** DATA RECORDS follows **

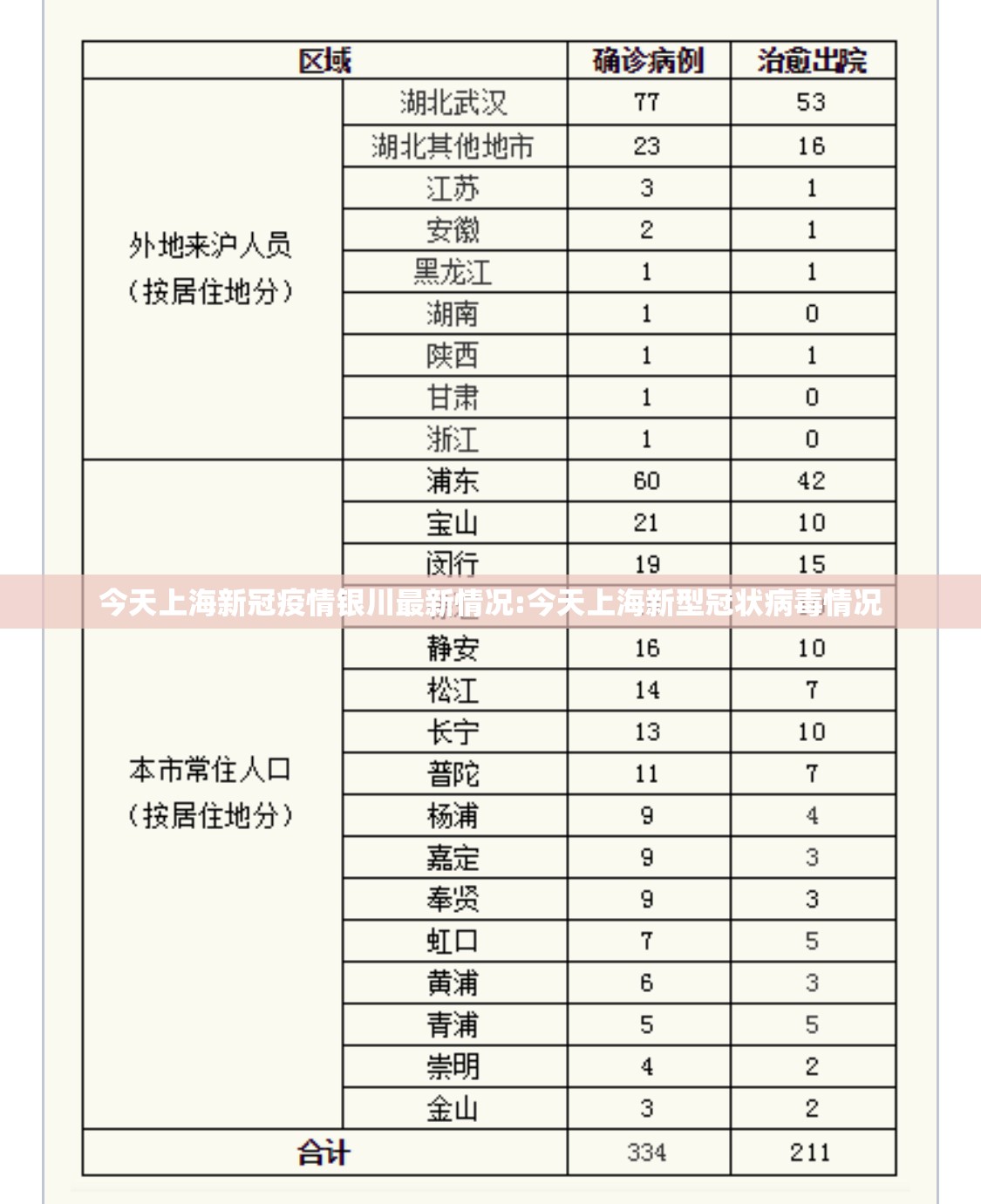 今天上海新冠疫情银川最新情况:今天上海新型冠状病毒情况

** End of DATA RECORDS **
** DATA RECORDS follows **

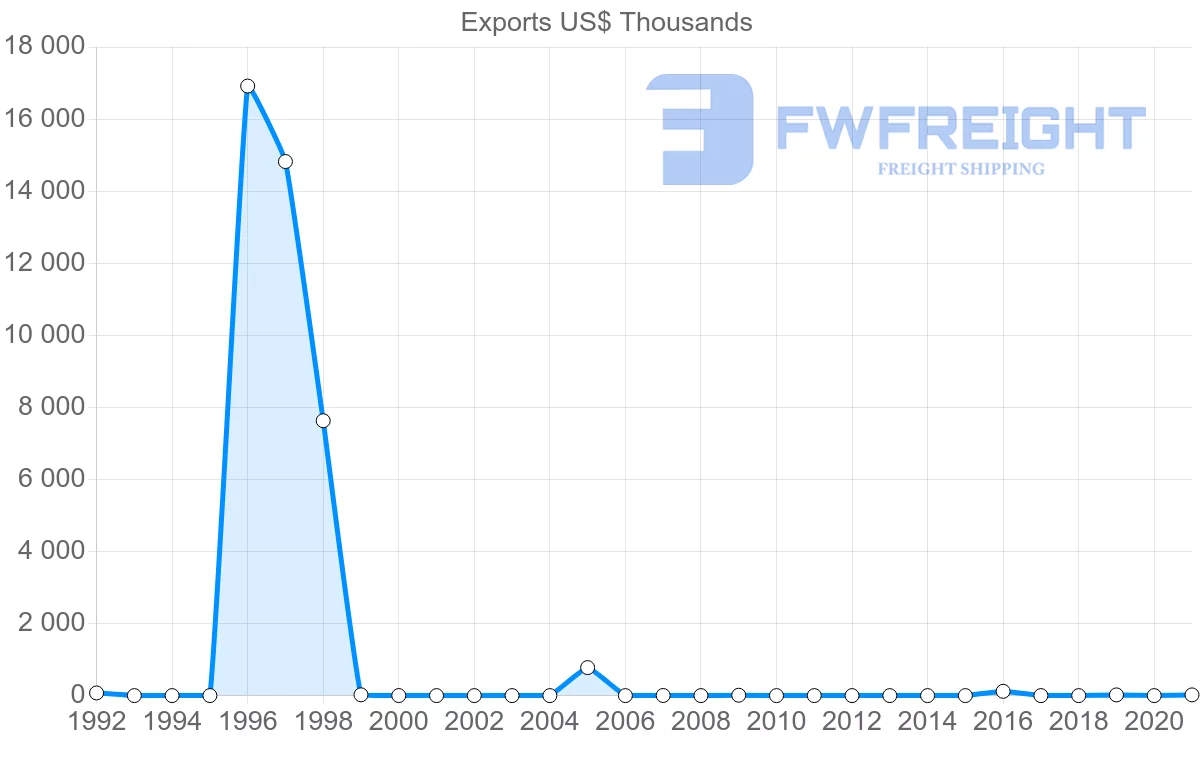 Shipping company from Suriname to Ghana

** End of DATA RECORDS **
** DATA RECORDS follows **

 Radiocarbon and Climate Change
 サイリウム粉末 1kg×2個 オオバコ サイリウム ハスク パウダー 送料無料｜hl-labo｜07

** End of DATA RECORDS **

• [ACTIVITY]: Among the entries above, find the line with "Radiocarbon and Climate Change" and the line with "サイリウム粉末 1kg×2個 オオバコ"; give again exactly these two lines and all lines between them.

• [RESULT]:
 Radiocarbon and Climate Change
 サイリウム粉末 1kg×2個 オオバコ サイリウム ハスク パウダー 送料無料｜hl-labo｜07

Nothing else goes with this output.